あまりの鮮やかさに言葉を失う中、ようやくマルバが動く。
「ストーンエッジ」
房から外気に漏れ出る波導が、ルカリオの周囲に扇状の刃を展開していく。放たれた瞬間、帆は引き裂かれ、艦内ごと串刺しの惨状と化した。バスを窮地から救ったあの技が、今度は敵となって猛威を振るう。
「サーナイト、守――」
相手の予備動作が皆無に等しいから、対応が間に合わない。ルカリオは降下地点からほぼポジションを崩さず、掌でエッジを自在に駆った。空中機動隊がサーナイトとドンカラスを楽々墜落する。
カメックスの高速スピンにエッジを弾かせ、散弾をやり過ごしながら敵の波導を読み取る。
場所を選ばず、思う存分暴れさせられれば、ルカリオの常識外れな反応速度にもある程度追い付けるかもしれない。
エッジの切れ目が攻撃を当てる隙だ。
矢のように間髪入れず飛び回る波導式刃にも、終わりは来る。
ヒイラギは一足早くタイミングを見計らって、防御態勢を中止させた。
カメックスの狙撃は同種族の中でも公式記録を狙える速度だが、これまでのように敵がはいそうですかと撃ち抜かれてくれる気はまるでしない。

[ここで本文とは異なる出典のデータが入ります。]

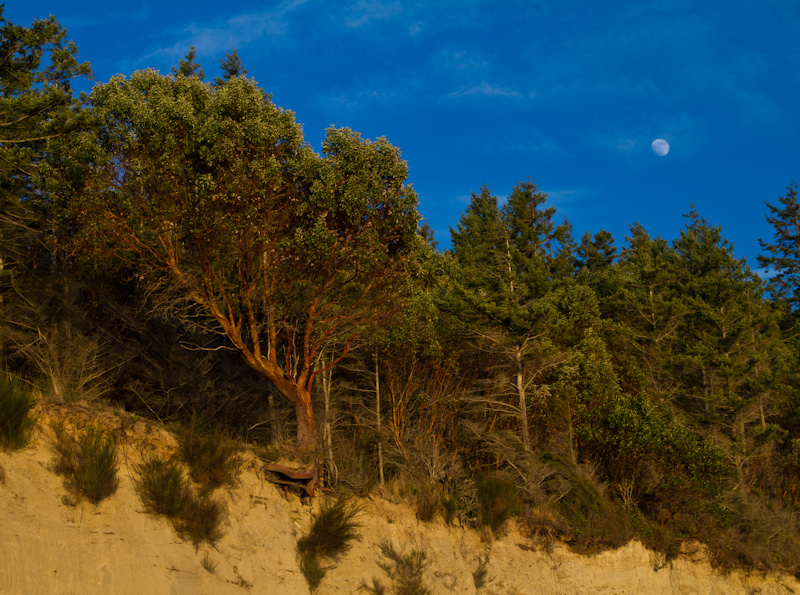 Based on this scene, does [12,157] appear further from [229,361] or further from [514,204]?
[514,204]

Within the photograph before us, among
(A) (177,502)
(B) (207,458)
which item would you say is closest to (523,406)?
(B) (207,458)

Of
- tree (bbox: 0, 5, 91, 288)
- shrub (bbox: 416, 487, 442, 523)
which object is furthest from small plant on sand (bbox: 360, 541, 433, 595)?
tree (bbox: 0, 5, 91, 288)

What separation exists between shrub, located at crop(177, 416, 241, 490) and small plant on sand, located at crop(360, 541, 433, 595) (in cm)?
488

ルカリオには、カメックスのチャージを波導から悟り、逃避先を選ぶ自由がある。
だから出来る限りマルバの先手を行き、手札を先取することが勝機を導き出す。
重火力の砲台をフルに稼働させるべく、ラグを減らす。その間、ヒイラギは敵の分析を完了した。
「ルカリオの急所は、波導を感じる房。出来る限り後頭部を狙え」
カメックスならストーンエッジの直撃にも多少は耐えられる。ここが、サーナイトやドンカラスの体構造と異なり、小回りを犠牲に手に入れた防御力の真価だ。
インターカムを寄せ、チームメイトに小声で告げる。
「出来る限りルカリオを動かし、背中を向けさせろ。おれたちがその隙を、撃つ」
「了解」
二人はすぐさま意図を理解し、実行に移す。
「ドンカラス、霧払い!」
ルカリオには向かい風だ。霧を払いのけるほどの風力は、バランス感覚を失いゆくフリゲートと伴って、足場を狂わせる。

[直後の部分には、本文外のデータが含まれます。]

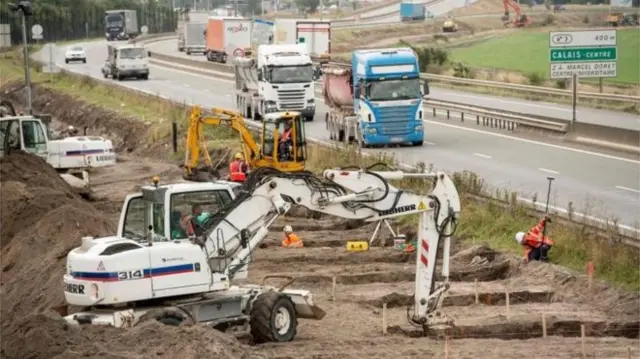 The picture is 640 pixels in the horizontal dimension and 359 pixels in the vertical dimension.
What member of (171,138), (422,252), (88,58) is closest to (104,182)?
(171,138)

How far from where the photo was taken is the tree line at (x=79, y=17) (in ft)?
406

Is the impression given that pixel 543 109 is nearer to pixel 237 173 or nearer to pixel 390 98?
pixel 390 98

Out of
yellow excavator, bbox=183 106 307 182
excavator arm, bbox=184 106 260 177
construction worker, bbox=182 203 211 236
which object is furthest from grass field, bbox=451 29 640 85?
construction worker, bbox=182 203 211 236

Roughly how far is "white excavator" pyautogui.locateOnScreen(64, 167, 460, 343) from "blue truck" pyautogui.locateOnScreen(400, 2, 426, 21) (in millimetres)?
95255

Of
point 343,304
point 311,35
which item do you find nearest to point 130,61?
point 311,35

ルカリオは支柱に目をつけ、念力の線が通っていないことを確かめてから、神速の挙動に入るため、四肢をかがめる。一度始めた動作を即座に中断は出来ない。それを見計らって、命じる。
「テレポート!」
サーナイトと一緒に瞬間移動したホオズキが、ニードルガンを撃ち抜き、反動で翻る。針は柱に突き刺さったままだが、命中を嫌った金色の螺旋は、あらぬ方向へと捻じ曲げられた。それで結構。サーナイトが交差させた両腕をかざす。
「サイコキネシス!」
今度は直撃。宙に浮いたルカリオは固定され、波導の照準と合わさる。
「ハイドロポンプ!」
「波導弾、そして神速」
ルカリオは地下牢獄に収容されたケダモノのように吼え、宙に波導を生成する。
赤黒い血のかさぶたを無残に剥がし丸めて練り込んだような塊で、カメックスの蒼とはそれは似ても似つかない。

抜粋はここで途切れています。